Retype the records below from their first line through the line containing "Bookcase Bed without", and include nothing else.

*** Given entries ***

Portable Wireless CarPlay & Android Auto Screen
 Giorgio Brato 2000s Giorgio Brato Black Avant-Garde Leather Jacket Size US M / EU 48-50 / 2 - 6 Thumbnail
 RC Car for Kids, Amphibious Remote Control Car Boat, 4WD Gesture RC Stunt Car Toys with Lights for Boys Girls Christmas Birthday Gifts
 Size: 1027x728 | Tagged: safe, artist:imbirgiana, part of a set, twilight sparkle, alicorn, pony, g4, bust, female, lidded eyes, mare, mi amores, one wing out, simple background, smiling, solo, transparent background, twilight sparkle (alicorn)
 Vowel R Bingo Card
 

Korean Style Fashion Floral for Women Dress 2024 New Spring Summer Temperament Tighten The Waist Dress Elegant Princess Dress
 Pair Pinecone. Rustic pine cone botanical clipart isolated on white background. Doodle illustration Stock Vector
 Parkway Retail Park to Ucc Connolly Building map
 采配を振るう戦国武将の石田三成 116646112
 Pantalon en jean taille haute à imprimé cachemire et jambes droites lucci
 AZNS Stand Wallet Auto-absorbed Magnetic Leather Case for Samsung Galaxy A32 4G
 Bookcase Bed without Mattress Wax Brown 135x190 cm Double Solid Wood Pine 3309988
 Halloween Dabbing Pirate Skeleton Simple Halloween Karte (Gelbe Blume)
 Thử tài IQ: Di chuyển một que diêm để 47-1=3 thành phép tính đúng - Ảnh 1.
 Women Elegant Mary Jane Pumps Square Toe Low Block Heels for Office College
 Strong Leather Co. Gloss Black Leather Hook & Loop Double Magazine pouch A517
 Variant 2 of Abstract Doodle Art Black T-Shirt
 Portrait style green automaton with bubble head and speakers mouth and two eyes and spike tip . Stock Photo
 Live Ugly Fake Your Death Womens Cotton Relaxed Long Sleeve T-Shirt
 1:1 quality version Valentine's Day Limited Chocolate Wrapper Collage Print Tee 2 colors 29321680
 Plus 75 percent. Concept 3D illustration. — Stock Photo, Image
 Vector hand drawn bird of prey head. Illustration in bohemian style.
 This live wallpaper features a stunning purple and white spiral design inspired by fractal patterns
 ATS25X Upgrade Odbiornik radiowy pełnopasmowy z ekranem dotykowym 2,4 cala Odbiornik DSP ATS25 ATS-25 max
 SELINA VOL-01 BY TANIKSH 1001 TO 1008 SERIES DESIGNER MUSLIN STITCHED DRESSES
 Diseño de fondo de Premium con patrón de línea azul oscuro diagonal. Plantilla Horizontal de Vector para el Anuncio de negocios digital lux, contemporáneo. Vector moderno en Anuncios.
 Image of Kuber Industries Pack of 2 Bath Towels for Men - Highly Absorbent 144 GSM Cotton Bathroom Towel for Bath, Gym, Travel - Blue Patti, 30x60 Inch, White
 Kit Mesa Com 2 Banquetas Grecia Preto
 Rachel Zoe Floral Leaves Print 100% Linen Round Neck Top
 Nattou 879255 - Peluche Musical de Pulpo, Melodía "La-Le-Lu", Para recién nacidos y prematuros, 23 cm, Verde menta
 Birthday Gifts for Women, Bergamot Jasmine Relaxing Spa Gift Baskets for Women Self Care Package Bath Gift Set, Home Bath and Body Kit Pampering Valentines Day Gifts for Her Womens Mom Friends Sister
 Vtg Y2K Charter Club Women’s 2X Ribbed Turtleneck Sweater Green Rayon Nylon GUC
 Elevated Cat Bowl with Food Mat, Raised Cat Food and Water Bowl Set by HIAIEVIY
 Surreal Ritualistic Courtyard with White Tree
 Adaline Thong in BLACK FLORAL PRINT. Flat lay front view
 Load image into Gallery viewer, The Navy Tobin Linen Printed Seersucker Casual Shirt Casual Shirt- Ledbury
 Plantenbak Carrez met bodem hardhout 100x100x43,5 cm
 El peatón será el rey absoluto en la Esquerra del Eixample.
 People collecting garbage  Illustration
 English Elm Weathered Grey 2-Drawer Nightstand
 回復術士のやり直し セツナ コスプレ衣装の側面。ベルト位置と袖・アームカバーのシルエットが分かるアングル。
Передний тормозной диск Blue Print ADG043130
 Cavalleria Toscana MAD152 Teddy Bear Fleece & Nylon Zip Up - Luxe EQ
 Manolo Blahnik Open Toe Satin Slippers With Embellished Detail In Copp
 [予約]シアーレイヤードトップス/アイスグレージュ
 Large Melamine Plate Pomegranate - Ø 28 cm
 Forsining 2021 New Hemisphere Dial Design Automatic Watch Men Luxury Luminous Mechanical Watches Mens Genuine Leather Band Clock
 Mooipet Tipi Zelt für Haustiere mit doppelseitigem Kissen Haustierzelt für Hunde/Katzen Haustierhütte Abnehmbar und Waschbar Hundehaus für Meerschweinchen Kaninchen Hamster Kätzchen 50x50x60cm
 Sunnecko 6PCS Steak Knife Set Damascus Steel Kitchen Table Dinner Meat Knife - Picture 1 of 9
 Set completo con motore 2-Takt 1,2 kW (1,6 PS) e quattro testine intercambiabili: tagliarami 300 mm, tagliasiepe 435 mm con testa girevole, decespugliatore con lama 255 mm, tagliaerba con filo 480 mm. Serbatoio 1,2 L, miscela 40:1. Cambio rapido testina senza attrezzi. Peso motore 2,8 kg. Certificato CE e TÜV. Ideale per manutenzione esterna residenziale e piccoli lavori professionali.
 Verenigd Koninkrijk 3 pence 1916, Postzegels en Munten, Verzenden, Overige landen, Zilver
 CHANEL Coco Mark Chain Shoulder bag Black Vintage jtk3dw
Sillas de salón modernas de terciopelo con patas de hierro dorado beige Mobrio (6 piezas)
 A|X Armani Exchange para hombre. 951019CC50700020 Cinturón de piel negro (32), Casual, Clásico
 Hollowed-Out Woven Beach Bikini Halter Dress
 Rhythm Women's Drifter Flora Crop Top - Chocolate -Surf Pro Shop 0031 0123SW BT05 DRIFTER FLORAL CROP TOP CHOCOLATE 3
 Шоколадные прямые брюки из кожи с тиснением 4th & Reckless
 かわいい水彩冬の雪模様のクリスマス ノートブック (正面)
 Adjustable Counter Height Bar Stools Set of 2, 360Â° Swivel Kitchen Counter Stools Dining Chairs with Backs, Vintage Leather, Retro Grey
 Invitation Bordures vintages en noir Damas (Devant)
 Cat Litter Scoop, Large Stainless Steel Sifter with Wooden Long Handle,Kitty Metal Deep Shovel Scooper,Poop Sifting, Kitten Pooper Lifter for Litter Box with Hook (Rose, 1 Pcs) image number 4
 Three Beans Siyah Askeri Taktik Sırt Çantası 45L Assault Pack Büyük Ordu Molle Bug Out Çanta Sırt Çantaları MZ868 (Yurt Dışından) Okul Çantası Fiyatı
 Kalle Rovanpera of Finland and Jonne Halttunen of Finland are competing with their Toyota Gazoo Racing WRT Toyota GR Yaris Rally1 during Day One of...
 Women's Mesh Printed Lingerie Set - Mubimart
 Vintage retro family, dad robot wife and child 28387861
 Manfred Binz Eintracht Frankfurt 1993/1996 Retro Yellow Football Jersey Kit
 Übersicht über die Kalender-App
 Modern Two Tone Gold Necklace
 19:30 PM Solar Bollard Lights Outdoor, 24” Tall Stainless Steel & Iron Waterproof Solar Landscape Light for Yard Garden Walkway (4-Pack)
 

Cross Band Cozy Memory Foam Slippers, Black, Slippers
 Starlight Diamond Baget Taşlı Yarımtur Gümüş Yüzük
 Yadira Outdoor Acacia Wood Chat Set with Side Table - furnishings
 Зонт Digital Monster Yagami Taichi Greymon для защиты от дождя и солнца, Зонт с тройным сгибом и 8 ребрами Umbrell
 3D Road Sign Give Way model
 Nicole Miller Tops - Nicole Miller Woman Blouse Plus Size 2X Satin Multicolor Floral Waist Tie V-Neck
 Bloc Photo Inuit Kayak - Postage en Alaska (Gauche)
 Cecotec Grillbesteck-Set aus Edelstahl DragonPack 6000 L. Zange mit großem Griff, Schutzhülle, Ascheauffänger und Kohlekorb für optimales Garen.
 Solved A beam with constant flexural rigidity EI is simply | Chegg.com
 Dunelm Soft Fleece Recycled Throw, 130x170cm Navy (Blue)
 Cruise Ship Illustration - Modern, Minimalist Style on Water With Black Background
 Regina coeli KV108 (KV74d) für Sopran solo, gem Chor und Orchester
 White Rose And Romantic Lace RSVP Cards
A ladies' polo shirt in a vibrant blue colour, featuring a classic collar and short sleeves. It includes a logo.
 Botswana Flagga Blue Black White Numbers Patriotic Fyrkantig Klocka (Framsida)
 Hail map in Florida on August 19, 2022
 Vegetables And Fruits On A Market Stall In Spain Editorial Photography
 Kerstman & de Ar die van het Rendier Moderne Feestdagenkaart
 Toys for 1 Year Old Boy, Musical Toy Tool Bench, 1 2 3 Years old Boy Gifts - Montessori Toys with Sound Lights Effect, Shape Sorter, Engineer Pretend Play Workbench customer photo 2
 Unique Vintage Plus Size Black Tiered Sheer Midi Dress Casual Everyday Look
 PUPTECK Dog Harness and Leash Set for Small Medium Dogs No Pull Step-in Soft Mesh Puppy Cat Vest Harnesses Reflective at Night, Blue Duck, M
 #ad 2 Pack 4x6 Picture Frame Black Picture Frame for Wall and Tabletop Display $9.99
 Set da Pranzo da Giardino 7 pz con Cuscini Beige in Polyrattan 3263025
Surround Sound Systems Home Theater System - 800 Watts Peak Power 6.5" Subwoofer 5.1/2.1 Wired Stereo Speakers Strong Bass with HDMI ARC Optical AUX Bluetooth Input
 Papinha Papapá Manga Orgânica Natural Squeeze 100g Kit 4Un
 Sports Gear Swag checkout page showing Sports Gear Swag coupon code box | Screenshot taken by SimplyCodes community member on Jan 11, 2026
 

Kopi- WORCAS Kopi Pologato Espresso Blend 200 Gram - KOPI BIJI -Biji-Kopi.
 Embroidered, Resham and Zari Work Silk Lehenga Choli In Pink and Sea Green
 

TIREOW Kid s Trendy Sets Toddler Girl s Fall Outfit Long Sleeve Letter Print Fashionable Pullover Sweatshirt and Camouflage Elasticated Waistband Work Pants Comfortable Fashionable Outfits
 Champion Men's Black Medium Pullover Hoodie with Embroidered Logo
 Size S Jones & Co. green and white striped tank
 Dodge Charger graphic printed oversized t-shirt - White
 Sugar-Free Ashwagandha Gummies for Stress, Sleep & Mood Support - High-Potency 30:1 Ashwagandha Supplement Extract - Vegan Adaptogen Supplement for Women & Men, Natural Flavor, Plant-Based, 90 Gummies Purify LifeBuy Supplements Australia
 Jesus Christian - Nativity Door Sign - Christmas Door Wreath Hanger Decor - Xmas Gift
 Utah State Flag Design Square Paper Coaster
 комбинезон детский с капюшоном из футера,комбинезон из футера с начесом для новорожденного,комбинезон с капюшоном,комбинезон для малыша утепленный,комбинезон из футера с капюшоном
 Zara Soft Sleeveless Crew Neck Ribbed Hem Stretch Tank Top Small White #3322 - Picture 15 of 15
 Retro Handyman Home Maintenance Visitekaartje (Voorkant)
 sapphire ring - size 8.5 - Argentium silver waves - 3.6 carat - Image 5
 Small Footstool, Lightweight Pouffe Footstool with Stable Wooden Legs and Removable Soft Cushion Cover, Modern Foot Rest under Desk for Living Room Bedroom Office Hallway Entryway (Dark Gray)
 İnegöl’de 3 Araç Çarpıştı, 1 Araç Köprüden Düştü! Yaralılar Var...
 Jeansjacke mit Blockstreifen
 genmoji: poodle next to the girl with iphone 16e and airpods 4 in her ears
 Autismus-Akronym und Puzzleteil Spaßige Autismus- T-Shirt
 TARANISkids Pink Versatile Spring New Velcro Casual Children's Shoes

*** End of Given entries ***

__Output__.
Portable Wireless CarPlay & Android Auto Screen
 Giorgio Brato 2000s Giorgio Brato Black Avant-Garde Leather Jacket Size US M / EU 48-50 / 2 - 6 Thumbnail
 RC Car for Kids, Amphibious Remote Control Car Boat, 4WD Gesture RC Stunt Car Toys with Lights for Boys Girls Christmas Birthday Gifts
 Size: 1027x728 | Tagged: safe, artist:imbirgiana, part of a set, twilight sparkle, alicorn, pony, g4, bust, female, lidded eyes, mare, mi amores, one wing out, simple background, smiling, solo, transparent background, twilight sparkle (alicorn)
 Vowel R Bingo Card
 

Korean Style Fashion Floral for Women Dress 2024 New Spring Summer Temperament Tighten The Waist Dress Elegant Princess Dress
 Pair Pinecone. Rustic pine cone botanical clipart isolated on white background. Doodle illustration Stock Vector
 Parkway Retail Park to Ucc Connolly Building map
 采配を振るう戦国武将の石田三成 116646112
 Pantalon en jean taille haute à imprimé cachemire et jambes droites lucci
 AZNS Stand Wallet Auto-absorbed Magnetic Leather Case for Samsung Galaxy A32 4G
 Bookcase Bed without Mattress Wax Brown 135x190 cm Double Solid Wood Pine 3309988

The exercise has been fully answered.